▸ **Task**
The lines from the one with "this 863×576 image." through the last line of the material below, copied exactly and free of pictures, make up the whole answer.

▸ **Data extracts**
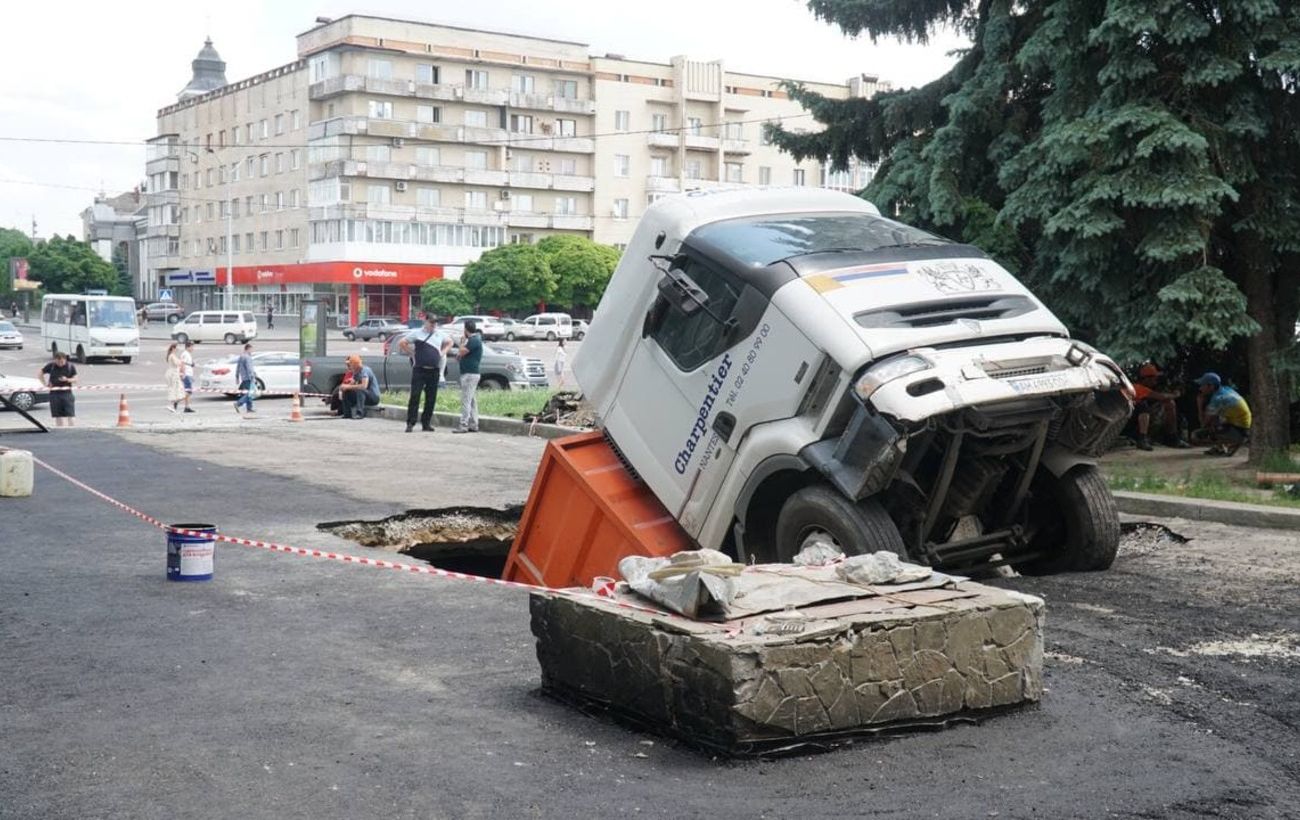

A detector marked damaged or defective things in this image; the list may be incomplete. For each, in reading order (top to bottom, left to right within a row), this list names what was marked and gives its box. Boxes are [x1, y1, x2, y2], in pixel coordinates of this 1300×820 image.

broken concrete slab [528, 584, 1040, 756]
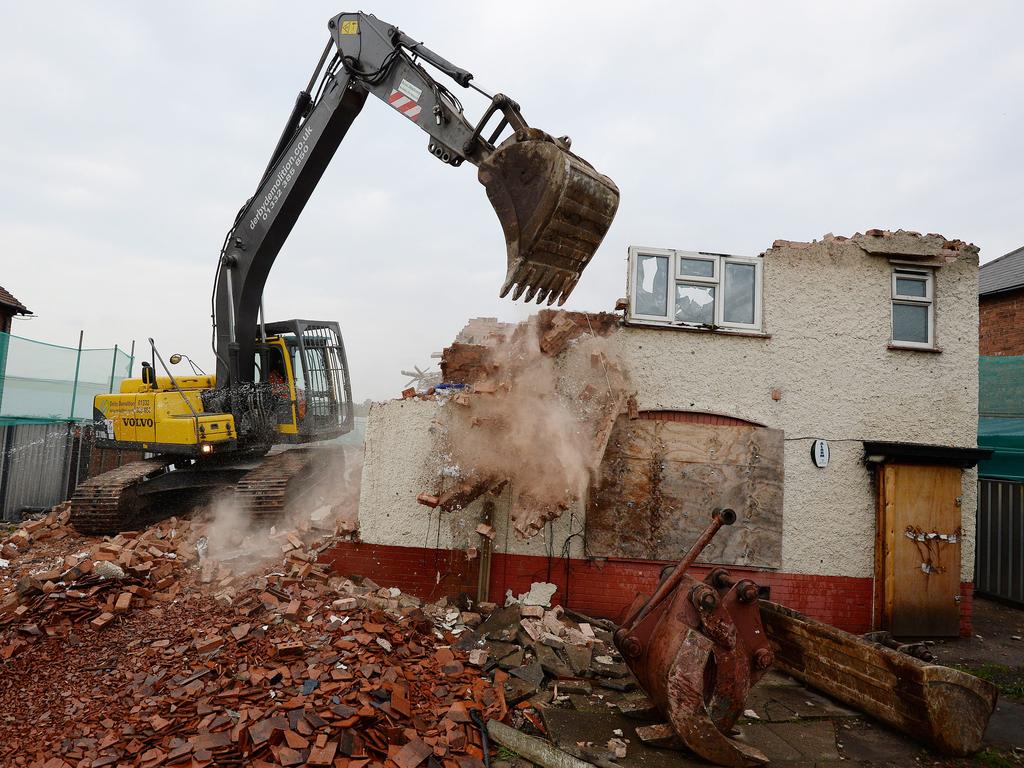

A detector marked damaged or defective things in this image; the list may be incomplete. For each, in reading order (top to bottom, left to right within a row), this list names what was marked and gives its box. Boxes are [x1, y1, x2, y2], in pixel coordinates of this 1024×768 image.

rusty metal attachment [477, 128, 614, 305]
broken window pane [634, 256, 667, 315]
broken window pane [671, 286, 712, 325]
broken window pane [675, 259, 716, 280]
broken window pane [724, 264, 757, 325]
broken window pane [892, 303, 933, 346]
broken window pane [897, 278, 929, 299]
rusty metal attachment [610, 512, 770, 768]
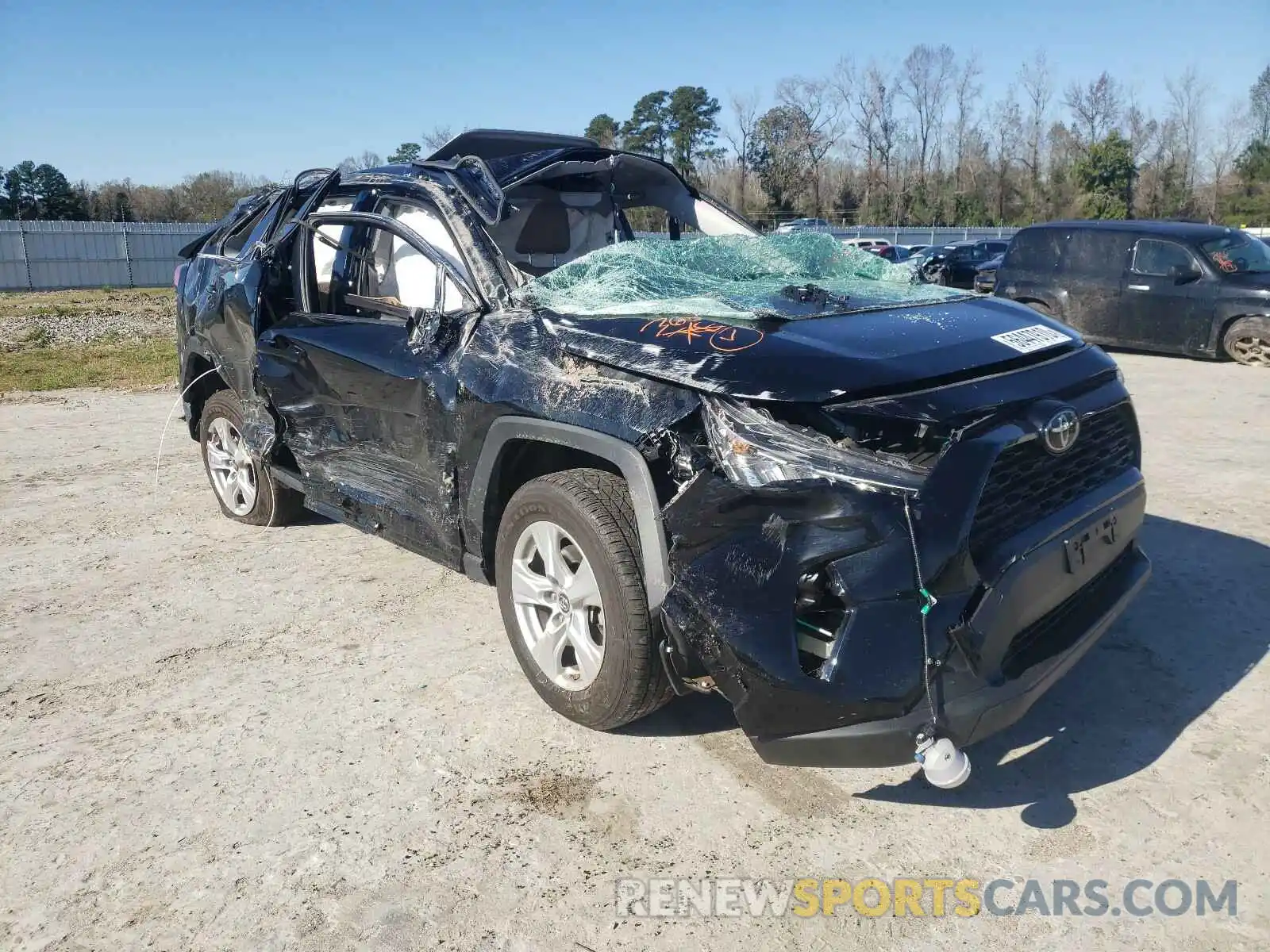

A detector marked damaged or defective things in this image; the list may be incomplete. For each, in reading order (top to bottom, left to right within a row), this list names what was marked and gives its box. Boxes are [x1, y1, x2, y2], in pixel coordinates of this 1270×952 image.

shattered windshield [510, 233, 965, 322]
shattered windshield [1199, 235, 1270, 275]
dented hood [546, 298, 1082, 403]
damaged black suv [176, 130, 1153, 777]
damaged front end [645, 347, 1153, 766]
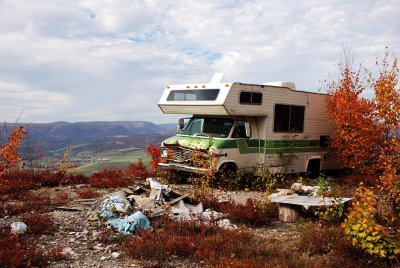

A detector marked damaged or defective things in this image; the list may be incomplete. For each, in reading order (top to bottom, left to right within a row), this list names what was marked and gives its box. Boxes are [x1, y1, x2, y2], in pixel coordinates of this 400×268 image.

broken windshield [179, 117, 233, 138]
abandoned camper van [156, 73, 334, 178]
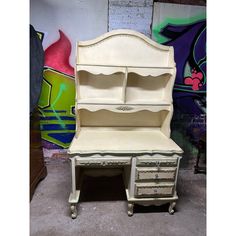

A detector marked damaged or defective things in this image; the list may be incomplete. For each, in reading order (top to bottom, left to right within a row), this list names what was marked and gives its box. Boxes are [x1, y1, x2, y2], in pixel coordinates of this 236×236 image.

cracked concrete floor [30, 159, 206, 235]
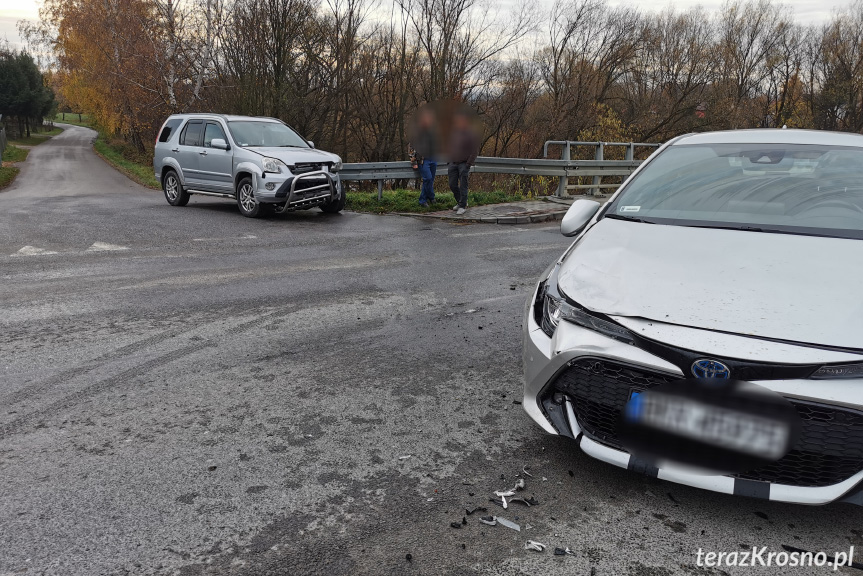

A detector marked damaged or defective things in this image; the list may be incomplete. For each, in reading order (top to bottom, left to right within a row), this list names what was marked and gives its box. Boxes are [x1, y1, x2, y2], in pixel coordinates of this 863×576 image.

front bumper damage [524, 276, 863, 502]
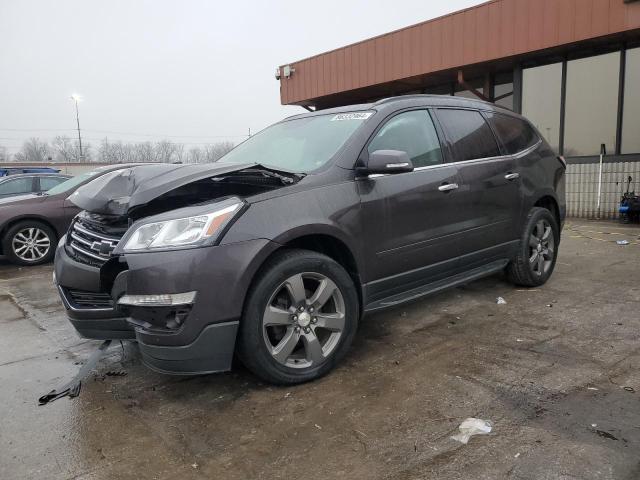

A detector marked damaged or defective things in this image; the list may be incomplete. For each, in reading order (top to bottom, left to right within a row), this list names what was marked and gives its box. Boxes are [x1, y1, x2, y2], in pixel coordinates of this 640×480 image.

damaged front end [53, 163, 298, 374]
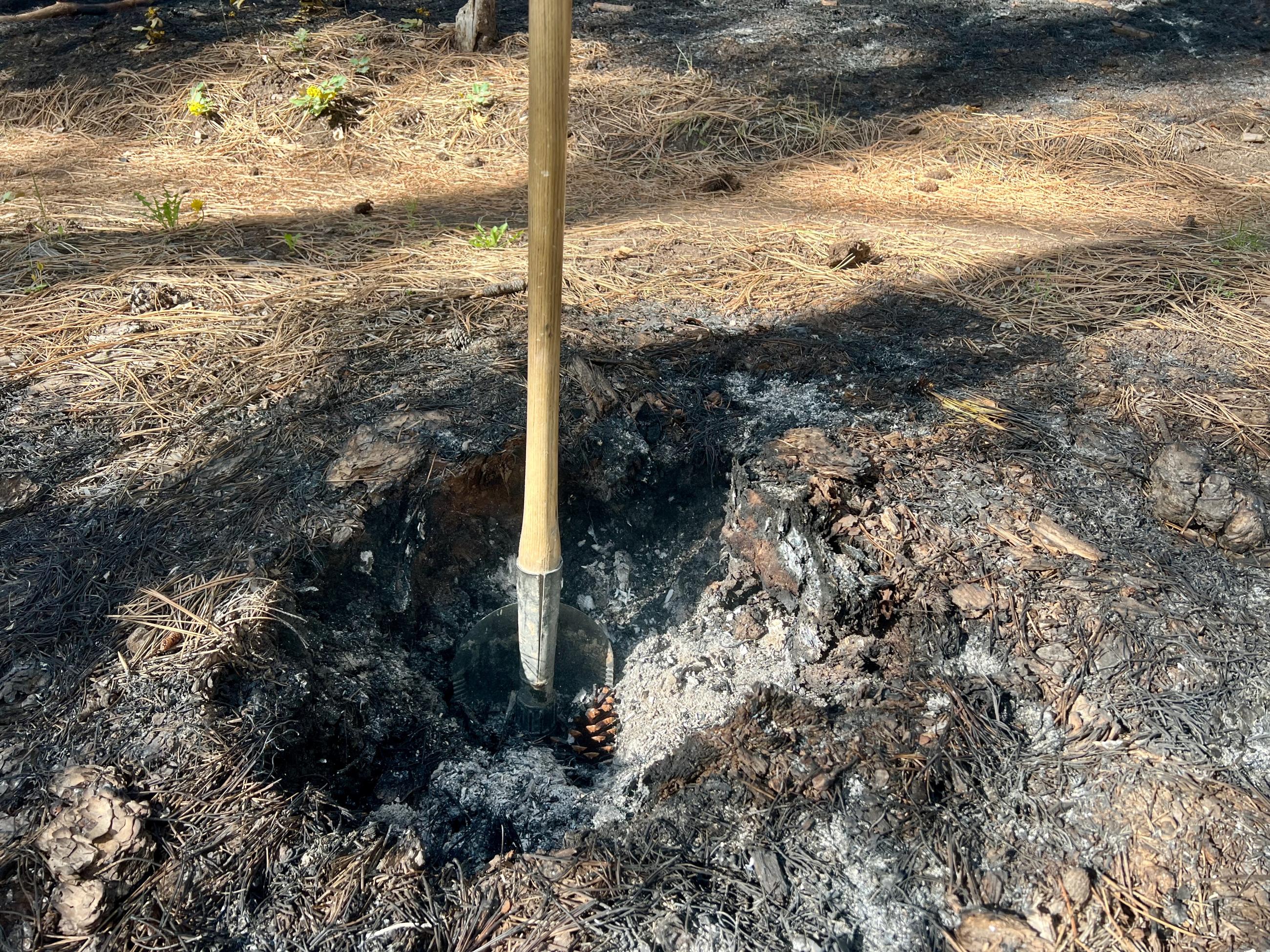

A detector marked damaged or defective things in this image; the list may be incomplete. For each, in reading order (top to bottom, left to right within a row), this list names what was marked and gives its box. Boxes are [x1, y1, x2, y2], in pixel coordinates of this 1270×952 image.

▸ **Solution for this task**
A detector marked damaged or defective things in this image; the list may be incomplete. For each, in reading order (top to bottom, left to right within a row), this list names what was marked and gives its box. Boxes are [x1, y1, x2, y2], in pixel coordinates of this 863×576 image.

front bumper damage [524, 276, 863, 502]

A detector marked damaged or defective things in this image; the list may be incomplete. For each, in reading order (top to bottom, left to right within a row), this list names what was marked and gives its box. Boxes are [x1, y1, x2, y2], in pixel coordinates of this 640×480 image.

damaged front end [53, 163, 298, 374]

A detector marked damaged or defective things in this image; the list may be incomplete. For each, in reading order (top to bottom, left to right within a row), this list names what was marked and gives its box. Boxes are [x1, y1, x2, y2], in pixel coordinates of this 1270×952 image.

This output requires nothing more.